One factor in aggravation is sufficient to justify imposition of the high term. (People v. Castaneda (1999) 75 Cal.App.4th 611, 614.) Even if one of the factors relied upon to impose an aggravated term was improper, remand for re-sentencing is not required where other valid factors are mentioned. (People v. Clark (1992) 12 Cal.App.4th 663, 667.) We presume the trial court exercised its discretion to achieve legitimate sentencing objectives, unless the party attacking the sentence can show that the decision was irrational or arbitrary. (People v. Superior Court (Alvarez ) (1997) 14 Cal.4th 968, 977, 928 P.2d 1171.) In the absence of such a showing, we will not interfere with the sentence chosen by the trial court. (See People v. Preyer (1985) 164 Cal. App. 3d 568, 573, 210 Cal. Rptr. 807.)
Here, at the March 19 sentencing hearing, the trial court indicated it had read defendants statement in mitigation and sentence memorandum, as well as the declaration of Dr. Mark A. Jaffe attesting to defendants mental state. Defense counsel argued that violence was an element of the crime of assault and so could not be used as an aggravating factor, and that defendants lack of criminal history and mental condition were mitigating factors. Finding no circumstances in mitigation despite the absence of a prior record, the trial court found circumstances in aggravation included that the crime involved great violence and threat of great bodily harm, defendant was armed with an axe handle and chain, and defendant engaged in a pattern of violent conduct that indicated he was a danger to society.

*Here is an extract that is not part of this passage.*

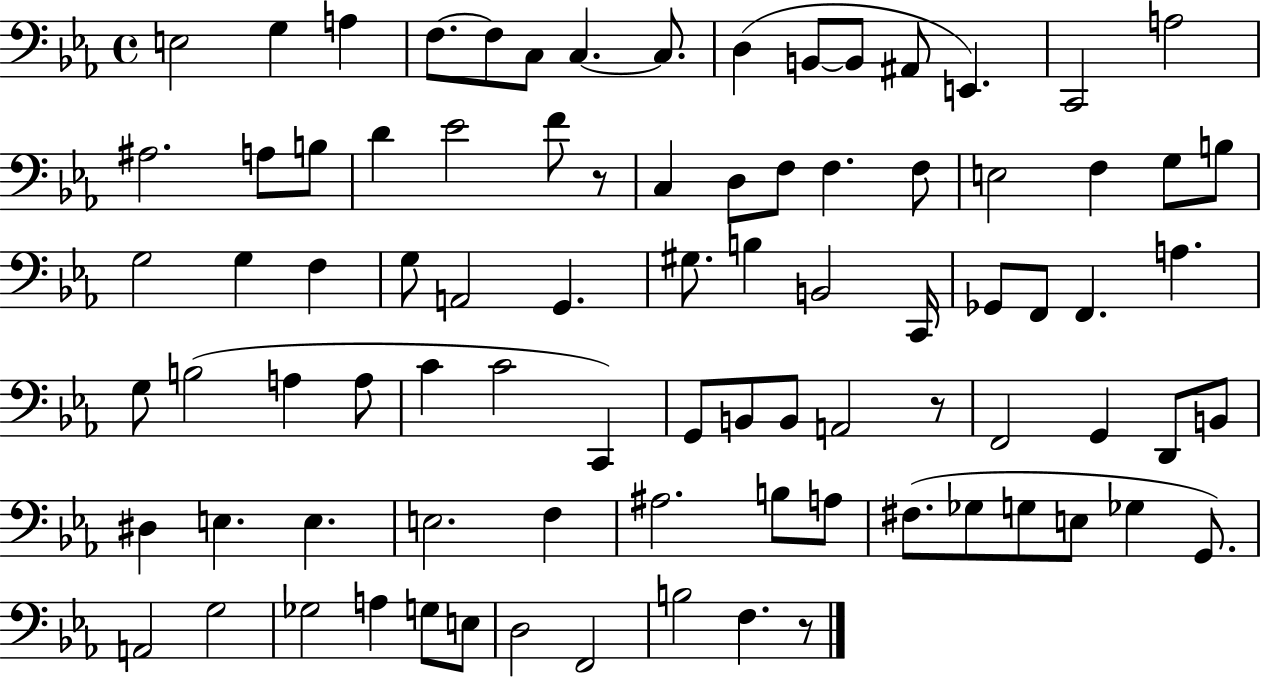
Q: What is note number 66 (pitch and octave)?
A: B3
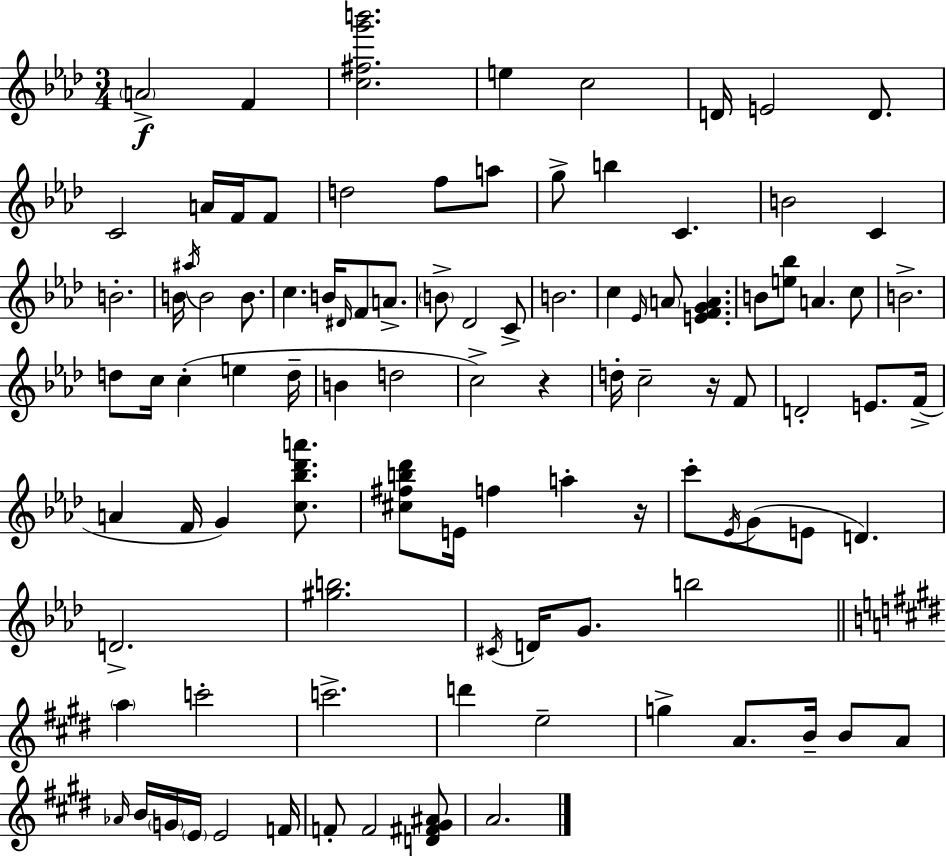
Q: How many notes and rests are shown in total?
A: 99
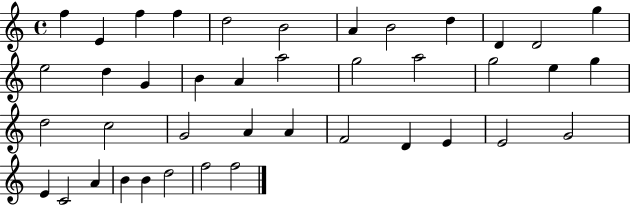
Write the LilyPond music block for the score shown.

Although the charge of assault with a deadly weapon was based upon defendants use of the axe handle, that defendant was also armed with a chain during the incident was a factor sufficient to support imposition of the aggravated term. (See Cal. Rules of Court, rule 4.421(a)(2) [circumstance in aggravation includes fact defendant was armed with or used a weapon at the time of the commission of the crime].) That defendant engaged in a pattern of violent conduct indicating a danger to society was also sufficient to support the aggravated term. (Cal. Rules of Court, rule 4.421(b)(1).) Defendants argument that there was no evidence of "pattern" is belied by the evidence that defendant had earlier been involved in a similar incident in Civic Park.

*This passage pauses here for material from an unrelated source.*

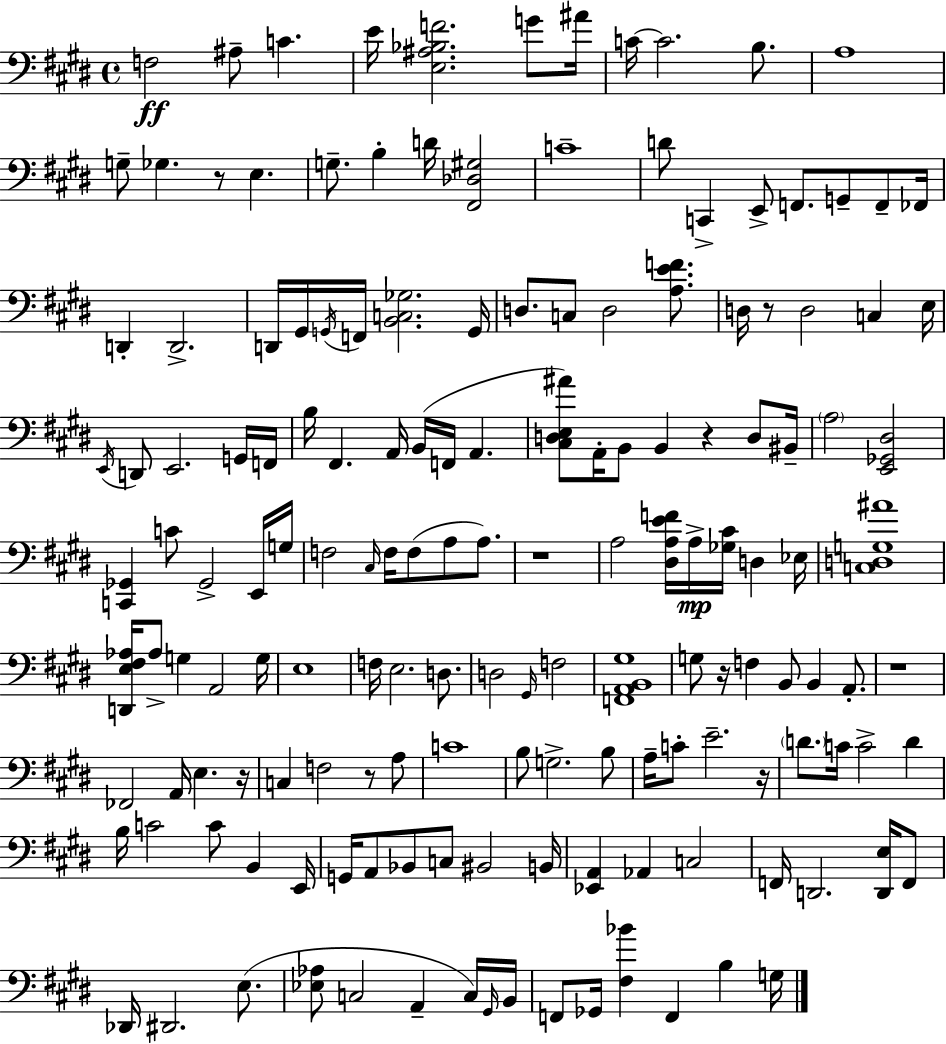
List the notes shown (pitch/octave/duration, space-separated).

F3/h A#3/e C4/q. E4/s [E3,A#3,Bb3,F4]/h. G4/e A#4/s C4/s C4/h. B3/e. A3/w G3/e Gb3/q. R/e E3/q. G3/e. B3/q D4/s [F#2,Db3,G#3]/h C4/w D4/e C2/q E2/e F2/e. G2/e F2/e FES2/s D2/q D2/h. D2/s G#2/s G2/s F2/s [B2,C3,Gb3]/h. G2/s D3/e. C3/e D3/h [A3,E4,F4]/e. D3/s R/e D3/h C3/q E3/s E2/s D2/e E2/h. G2/s F2/s B3/s F#2/q. A2/s B2/s F2/s A2/q. [C#3,D3,E3,A#4]/e A2/s B2/e B2/q R/q D3/e BIS2/s A3/h [E2,Gb2,D#3]/h [C2,Gb2]/q C4/e Gb2/h E2/s G3/s F3/h C#3/s F3/s F3/e A3/e A3/e. R/w A3/h [D#3,A3,E4,F4]/s A3/s [Gb3,C#4]/s D3/q Eb3/s [C3,D3,G3,A#4]/w [D2,E3,F#3,Ab3]/s Ab3/e G3/q A2/h G3/s E3/w F3/s E3/h. D3/e. D3/h G#2/s F3/h [F2,A2,B2,G#3]/w G3/e R/s F3/q B2/e B2/q A2/e. R/w FES2/h A2/s E3/q. R/s C3/q F3/h R/e A3/e C4/w B3/e G3/h. B3/e A3/s C4/e E4/h. R/s D4/e. C4/s C4/h D4/q B3/s C4/h C4/e B2/q E2/s G2/s A2/e Bb2/e C3/e BIS2/h B2/s [Eb2,A2]/q Ab2/q C3/h F2/s D2/h. [D2,E3]/s F2/e Db2/s D#2/h. E3/e. [Eb3,Ab3]/e C3/h A2/q C3/s G#2/s B2/s F2/e Gb2/s [F#3,Bb4]/q F2/q B3/q G3/s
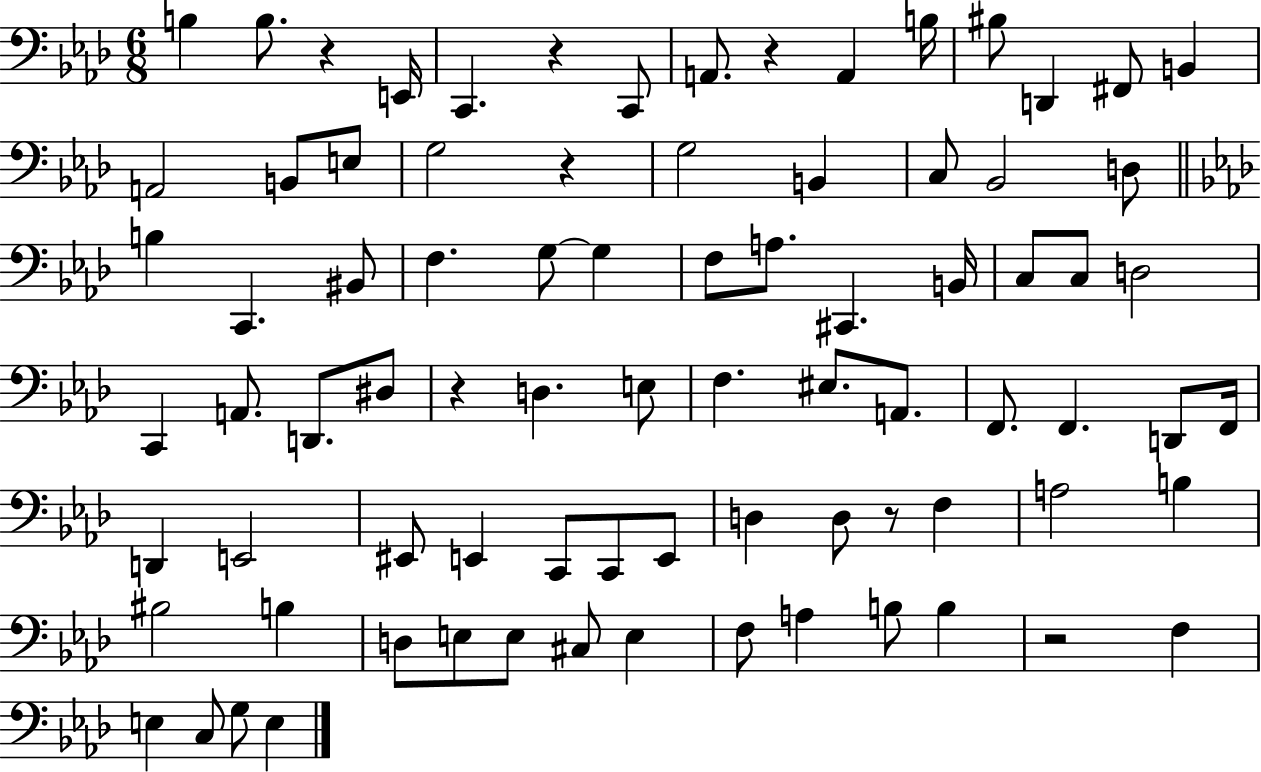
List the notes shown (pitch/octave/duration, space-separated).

B3/q B3/e. R/q E2/s C2/q. R/q C2/e A2/e. R/q A2/q B3/s BIS3/e D2/q F#2/e B2/q A2/h B2/e E3/e G3/h R/q G3/h B2/q C3/e Bb2/h D3/e B3/q C2/q. BIS2/e F3/q. G3/e G3/q F3/e A3/e. C#2/q. B2/s C3/e C3/e D3/h C2/q A2/e. D2/e. D#3/e R/q D3/q. E3/e F3/q. EIS3/e. A2/e. F2/e. F2/q. D2/e F2/s D2/q E2/h EIS2/e E2/q C2/e C2/e E2/e D3/q D3/e R/e F3/q A3/h B3/q BIS3/h B3/q D3/e E3/e E3/e C#3/e E3/q F3/e A3/q B3/e B3/q R/h F3/q E3/q C3/e G3/e E3/q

Section 654Defendant contends section 654 precluded imposition of sentence on both the assault on a peace officer conviction and the possession of a deadly weapon conviction. He argues the possession of the axe handle and the assault were an indivisible course of action for which separate punishment is not allowed. We disagree.

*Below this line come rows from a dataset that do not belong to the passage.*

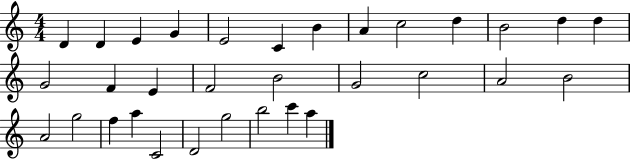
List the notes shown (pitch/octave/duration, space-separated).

D4/q D4/q E4/q G4/q E4/h C4/q B4/q A4/q C5/h D5/q B4/h D5/q D5/q G4/h F4/q E4/q F4/h B4/h G4/h C5/h A4/h B4/h A4/h G5/h F5/q A5/q C4/h D4/h G5/h B5/h C6/q A5/q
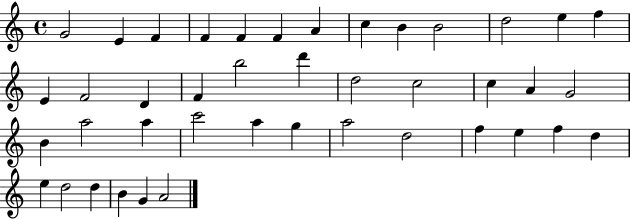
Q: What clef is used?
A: treble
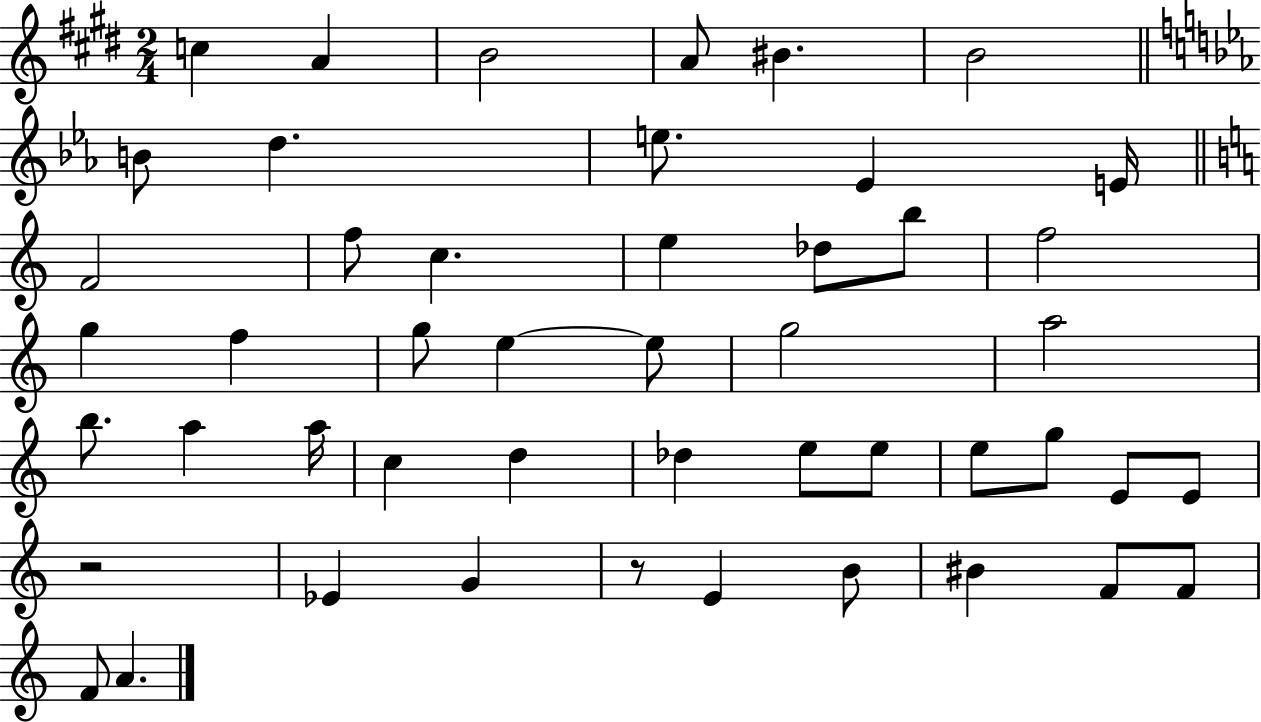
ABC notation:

X:1
T:Untitled
M:2/4
L:1/4
K:E
c A B2 A/2 ^B B2 B/2 d e/2 _E E/4 F2 f/2 c e _d/2 b/2 f2 g f g/2 e e/2 g2 a2 b/2 a a/4 c d _d e/2 e/2 e/2 g/2 E/2 E/2 z2 _E G z/2 E B/2 ^B F/2 F/2 F/2 A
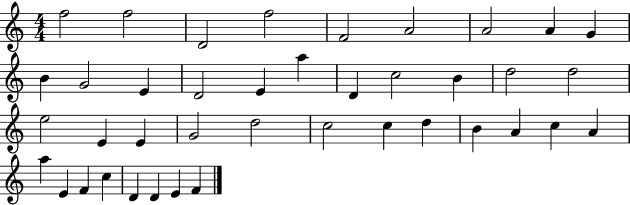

Section 654 proscribes multiple punishment for a single act or omission, even though that act or omission violates more than one statute and thus constitutes more than one crime. (People v. Hutchins (2001) 90 Cal.App.4th 1308, 1312.) The question is whether the defendant harbored separate intents and objectives. (People v. Latimer (1993) 5 Cal.4th 1203, 1208, 858 P.2d 611.) A trial courts findings and determination of whether section 654 applies will be upheld on appeal if there is any substantial evidence to support them. (People v. Hutchins, supra , at p. 1312.)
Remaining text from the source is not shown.